### PROBLEM REQUIREMENTS
For the entries that appear below, write out the exact text and omit the pictures.

### PROVIDED DATA
• • • • • • •

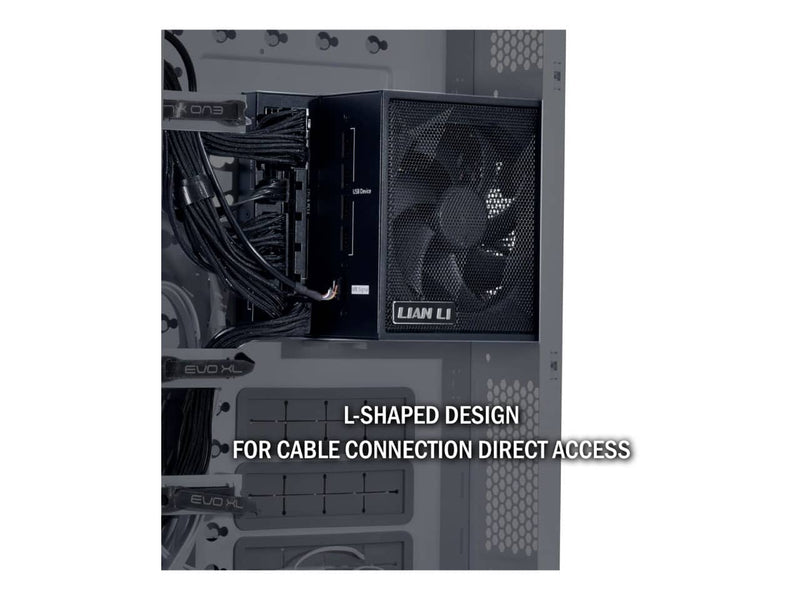Lian Li Edge Series 1000W Power Supply (1000W, 80 Plus Platinum, ATX 3.1, Fully Modular, Black)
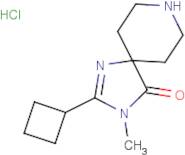 2-Cyclobutyl-3-methyl-1,3,8-triazaspiro[4.5]dec-1-en-4-one hydrochloride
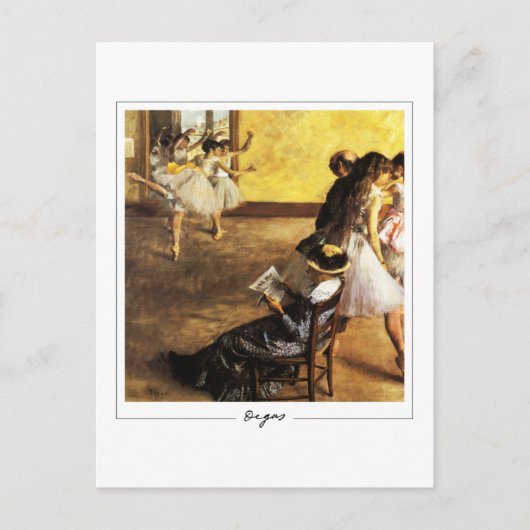 Edgar Degas #152-2 - Kunstkaart Briefkaart (Voorkant)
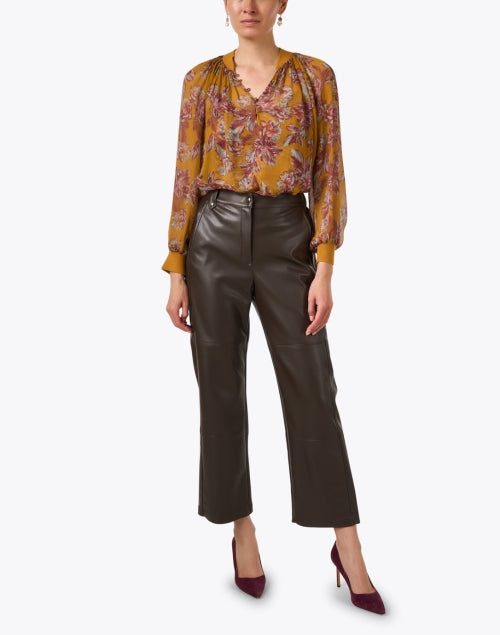 Elegant Lightweight Hazel Blouse with Multi - Floral Print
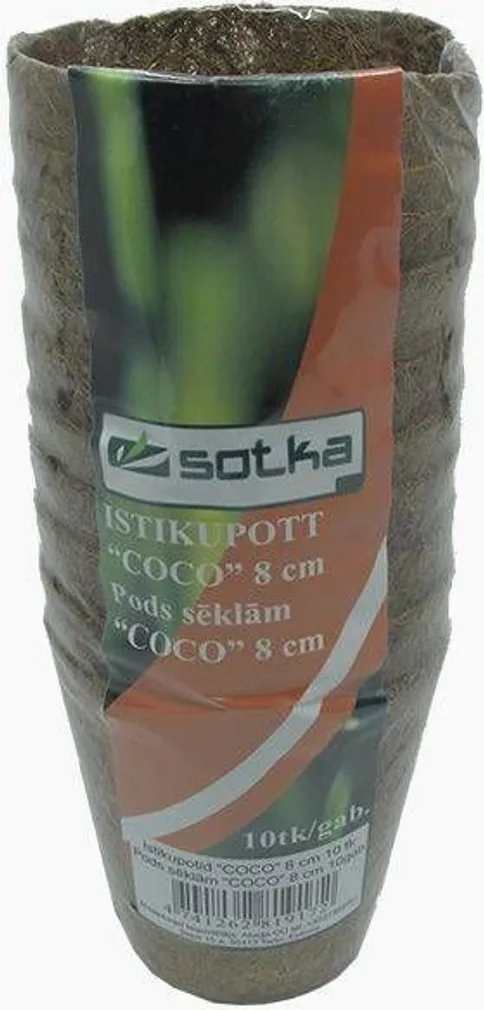 ISTUTUSPOTID SOTKA COCO 6CM 10TK PAKIS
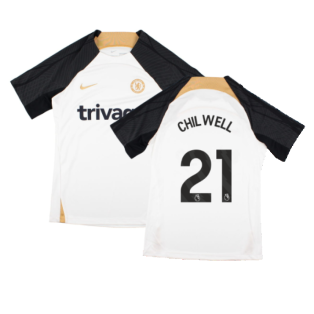 2023-2024 Chelsea Training Shirt (White) - Kids (CHILWELL 21)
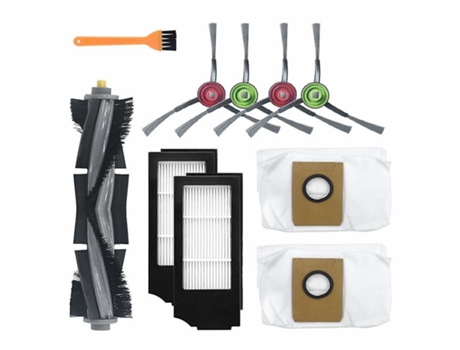 10 pçs para ecovacs escova principal escova lateral filtro hepa peças do saco de pó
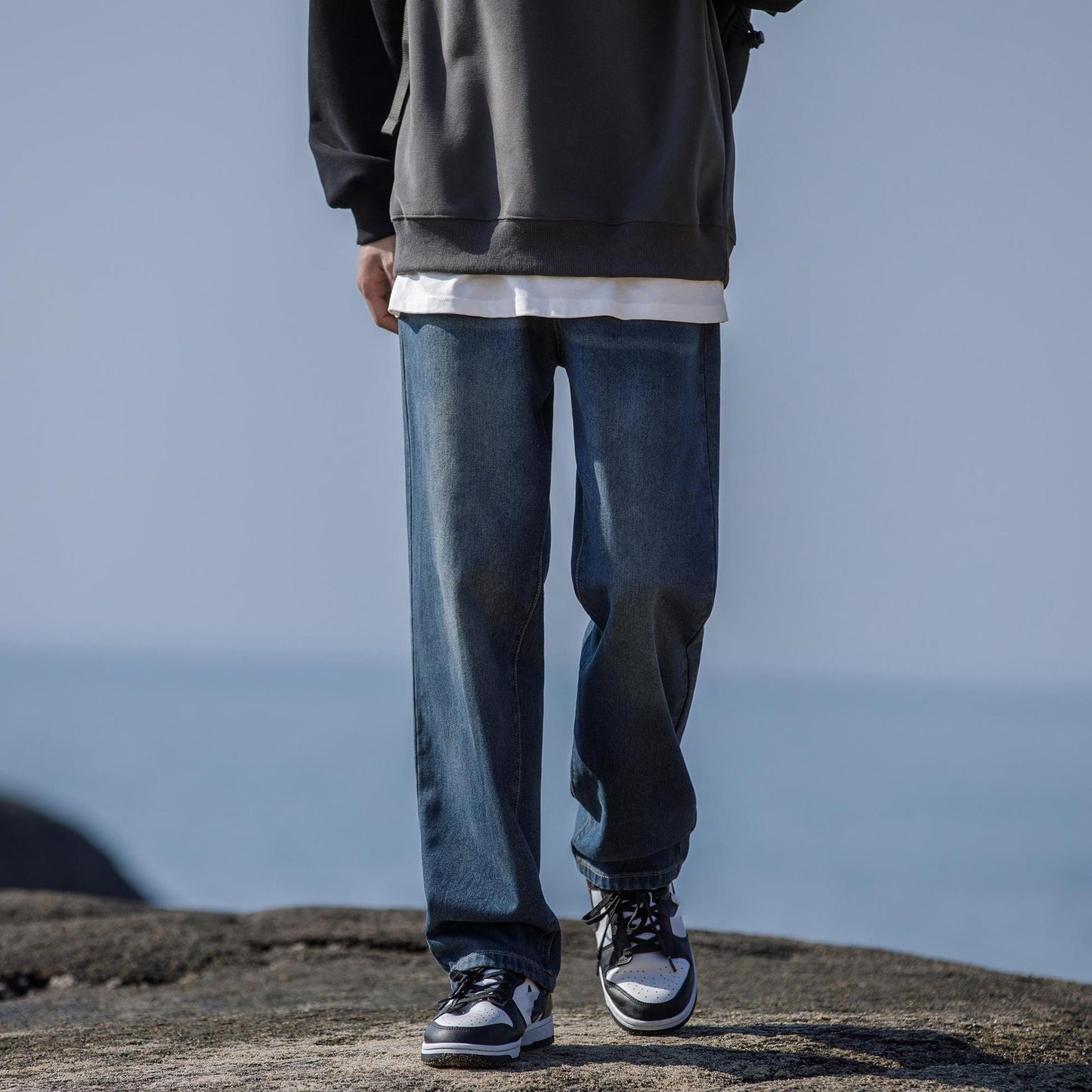 Amerikanische Eisseiden-Jeans für Herren – Dünn und Sommergeeignet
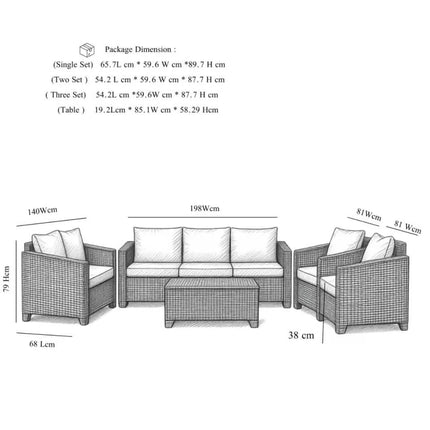 Luxury Durable modular Round Curved Synthetic Rattan Sofa Set with Removable Waterproof Cushions for Outdoor Patio Garden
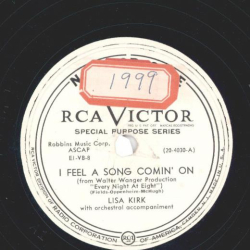 Lisa Kirk - I Feel A Song Comin On / Dont Blame Me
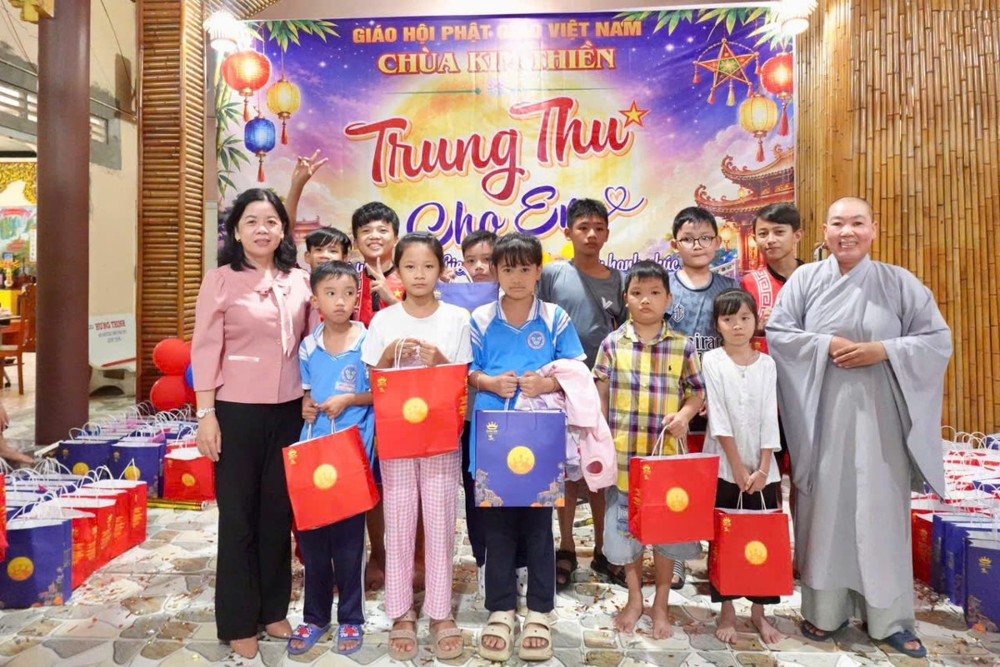 Đồng Tháp: Chùa Kim Thiền tổ chức chương trình Trung thu cho em năm 2026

• • • • • • •

### OUTPUT FOR THIS EXERCISE
Lian Li Edge Series 1000W Power Supply (1000W, 80 Plus Platinum, ATX 3.1, Fully Modular, Black)
 2-Cyclobutyl-3-methyl-1,3,8-triazaspiro[4.5]dec-1-en-4-one hydrochloride
 Edgar Degas #152-2 - Kunstkaart Briefkaart (Voorkant)
 Elegant Lightweight Hazel Blouse with Multi - Floral Print
 ISTUTUSPOTID SOTKA COCO 6CM 10TK PAKIS
 2023-2024 Chelsea Training Shirt (White) - Kids (CHILWELL 21)
 10 pçs para ecovacs escova principal escova lateral filtro hepa peças do saco de pó
 Amerikanische Eisseiden-Jeans für Herren – Dünn und Sommergeeignet
 Luxury Durable modular Round Curved Synthetic Rattan Sofa Set with Removable Waterproof Cushions for Outdoor Patio Garden
 Lisa Kirk - I Feel A Song Comin On / Dont Blame Me
 Đồng Tháp: Chùa Kim Thiền tổ chức chương trình Trung thu cho em năm 2026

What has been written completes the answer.